A technology that would control the flow of heat the way electronic devices control electrical current is the subject of research by engineers at Purdue University, LaFayette, Ind. If successfully developed for commercial use, the advance could have applications in a diverse range of fields from electronics to textiles, say the engineers.

The concept uses tiny triangular structures to control "phonons," quantum-mechanical phenomena that describe how vibrations travel through a material's crystal structure.

Findings in research using advanced simulations show the triangular or T-shaped structures — if small enough in width — are capable of "thermal rectification," or permitting a greater flow of heat in one direction than in the opposite direction, said Xiulin Ruan, an associate professor in Purdue University's School of Mechanical Engineering and Birck Nanotechnology Center.

Rectification has made possible the transistors, diodes and memory circuits central to the semiconductor industry.

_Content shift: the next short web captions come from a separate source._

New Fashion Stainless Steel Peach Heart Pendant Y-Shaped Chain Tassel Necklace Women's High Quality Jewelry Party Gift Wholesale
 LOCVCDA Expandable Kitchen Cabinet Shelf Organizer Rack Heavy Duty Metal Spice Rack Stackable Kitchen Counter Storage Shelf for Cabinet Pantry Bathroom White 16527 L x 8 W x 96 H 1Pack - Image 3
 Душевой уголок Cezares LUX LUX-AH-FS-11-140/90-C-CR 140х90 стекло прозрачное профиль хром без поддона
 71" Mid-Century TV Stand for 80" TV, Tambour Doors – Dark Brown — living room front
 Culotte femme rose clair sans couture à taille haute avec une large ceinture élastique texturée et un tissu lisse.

The new devices are thermal rectifiers that might perform the same function but with phonons instead of electrical current.

"In most systems, heat flow is equal in both directions, so there are no thermal devices like electrical diodes. However, if we are able to control heat flow like we control electricity using diodes, then we can enable a lot of new and exciting thermal devices including thermal switches, thermal transistors, logic gates and memory," said Ruan, whose research group collaborated with a group led by Yong Chen, an associate professor in Purdue's Department of Physics and School of Electrical and Computer Engineering. "People are just starting to understand how it works, and it is quite far from being used in applications."

Findings are detailed in a research paper that has appeared online in the journal Nano Letters. The paper was authored by doctoral students Yan Wang, Ajit Vallabhaneni and Jiuning Hu and former doctoral student Bo Qiu; Chen; and Ruan.

A potential, although speculative, future application could be thermal transistors. Unlike conventional transistors, thermal transistors would not require the use of silicon, are based on phonons rather than electrons and might make use of the large amount of waste heat that is already generated in most practical electronics, said Chen.

The research was funded by the U.S. Air Force Office of Scientific Research.